“She doesn’t have her own personality, she just acts like whoever she’s with.”
An observant, but cruel bully said this about me, I think I was about 12 years old at the time. As mean as this classmate was to me, this statement was actually spot on, but it was people like her that contributed to my attempts at blending in that she was now criticizing.
Who wouldn’t want to blend in with the crowd in an attempt to escape relentless bullying and try to fit in for a change?
Not to mention, having undiagnosed ADHD and being not-yet-identified as twice exceptional (2e) meant that I really did have an unstable sense of self. I knew I was different, and was being told every single day the ways in which being different made me less than my peers. Adults stood idly by and allowed this to continue, so I didn’t have a refuge with them either.
Little by little, I learned to adapt and change myself in order to avoid the constant mocking, belittling, and insults. Right at a time when teens are beginning to “find” themselves, here I was doing my darnedest to lose myself.
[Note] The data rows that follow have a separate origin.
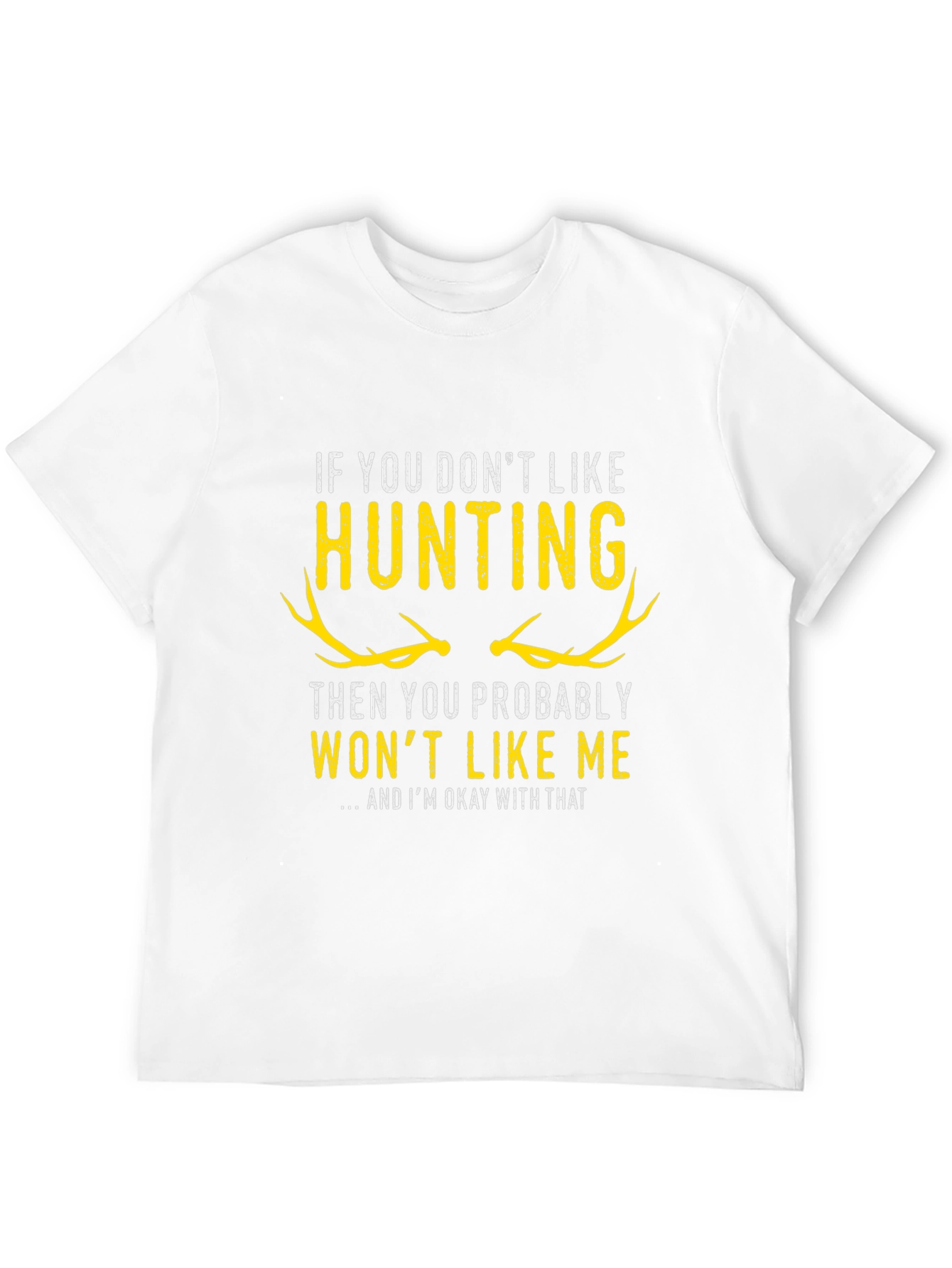 Hunting T-Shirt - If You Dont Like Hunting...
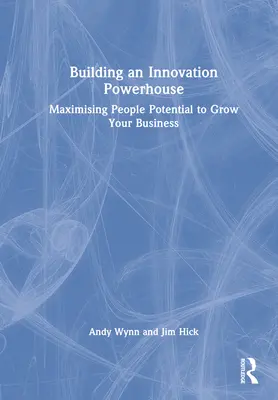 Construir un centro neurálgico de innovación: Maximizar el potencial de las personas para hacer crecer su empresa - Building an Innovation Powerhouse: Maximising People Potential to Grow Your Business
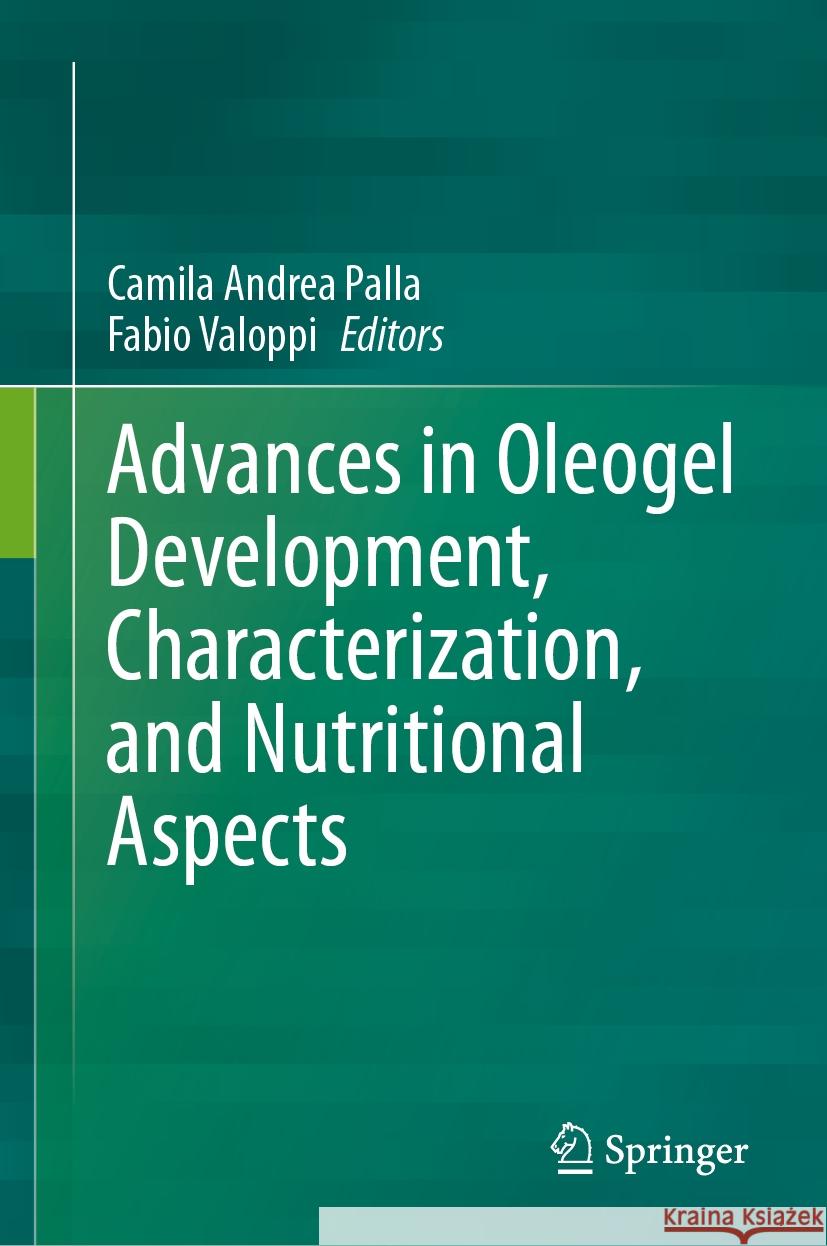 Advances in Oleogel Development, Characterization, and Nutritional Aspects Camila Andre Fabio Valoppi 9783031468308 Springer - książka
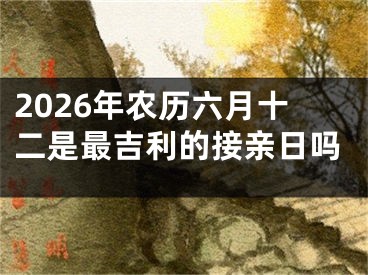 2026年农历六月十二是最吉利的接亲日吗
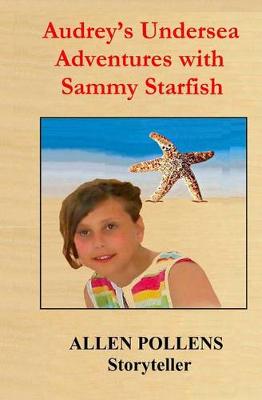 Book cover for Audrey's Undersea Adventures with Sammy Starfish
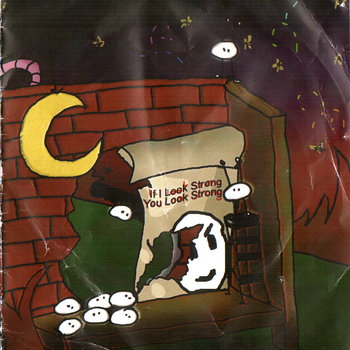 If I Look Strong; You Look Strong EP (2007) cover art
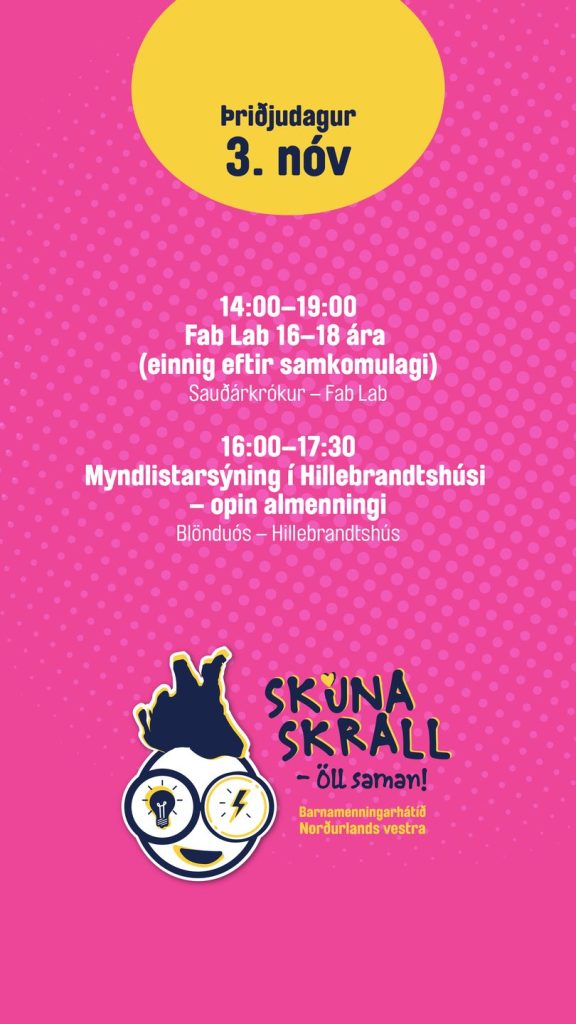 Dagskrá Skúnaskralls þriðjudaginn 3. nóvember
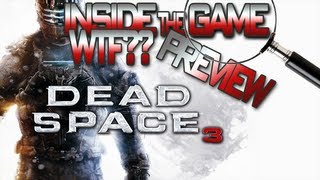Inside The Game Deadspace 3 Preview On Co-Op Gameplay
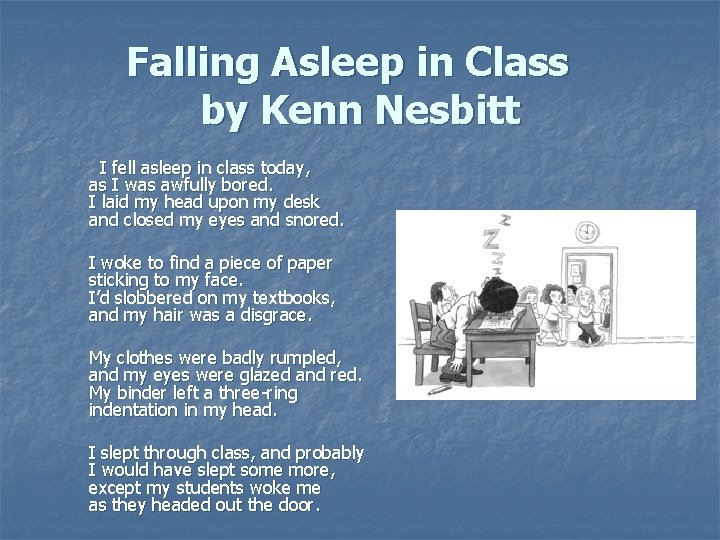 Falling Asleep in Class by Kenn Nesbitt I fell asleep in class today, as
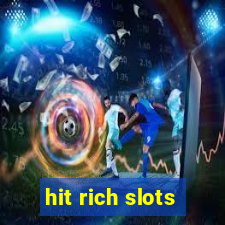 hit rich slots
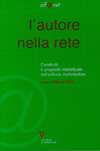 L'autore nella rete. Creatività e proprietà intellettuale nell'editoria multimediale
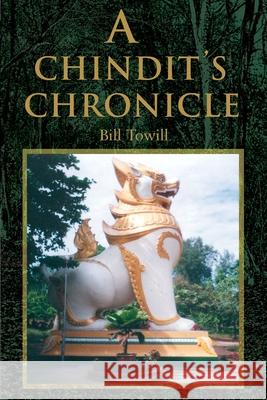 A Chindit's Chronicle Bill Towill 9780595158324 Authors Choice Press - książka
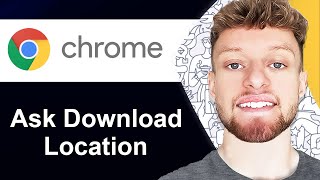 How To Make Google Chrome Ask Where To Download Files (Step By Step)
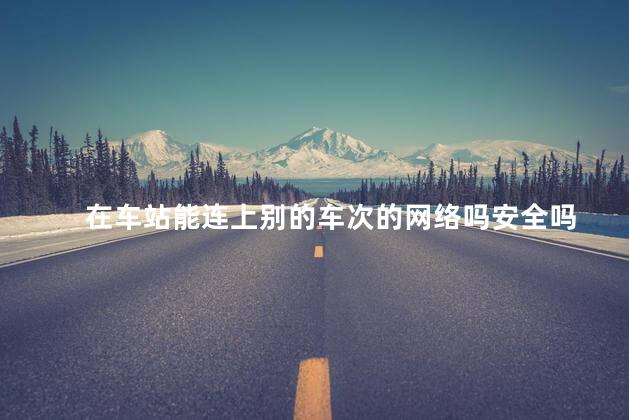 在车站能连上别的车次的网络吗安全吗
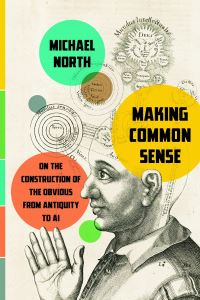 Book Cover for Making Common Sense by Michael North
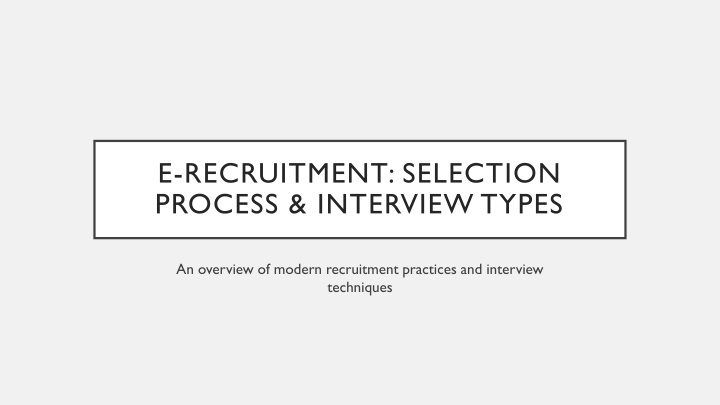 e recruitment selection process interview types n.w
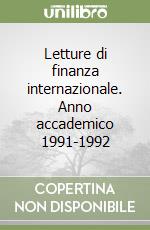 Letture di finanza internazionale. Anno accademico 1991-1992 libro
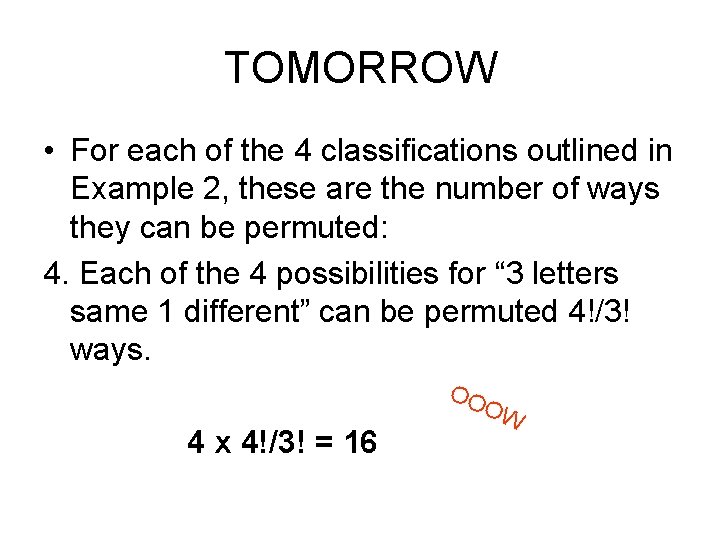 TOMORROW • For each of the 4 classifications outlined in Example 2, these are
As Crocetti states, “The biological, cognitive, and social changes that occur in adolescence stimulate young people to think about themselves, reflect on the kind of people they want to become, and find their place in society.”
At a time when teens are beginning to find themselves, I was doing my darnedest to lose myself.
Not me, I was busy reflecting on everything I had to become in order to stop the daily psychological torture that was my education. Crocetti concludes, “the extent to which adolescents find a stable identity is intertwined strongly with their psychosocial functioning and well-being”.
Well, crap.
What is Masking?
Masking is defined as an attempt to hide or conceal undesirable traits. Who defines “undesirable”? According to McRuer’s crip theory, disabilities are culturally constructed categories that mark some individuals as deviant in order to support the primacy of the normative order.
Well, that is certainly relatable. My peers decided, based on their own perceptions and experiences of how one should behave, that I was undesirable.
In the neurodivergent community, we conceptualize masking as hiding the outward symptoms of our disabilities in order to fit in with the majority neurotypical society.
When we mask our neurodivergence, we attempt to “achieve” and demonstrate neurotypical behaviour by using compensatory strategies.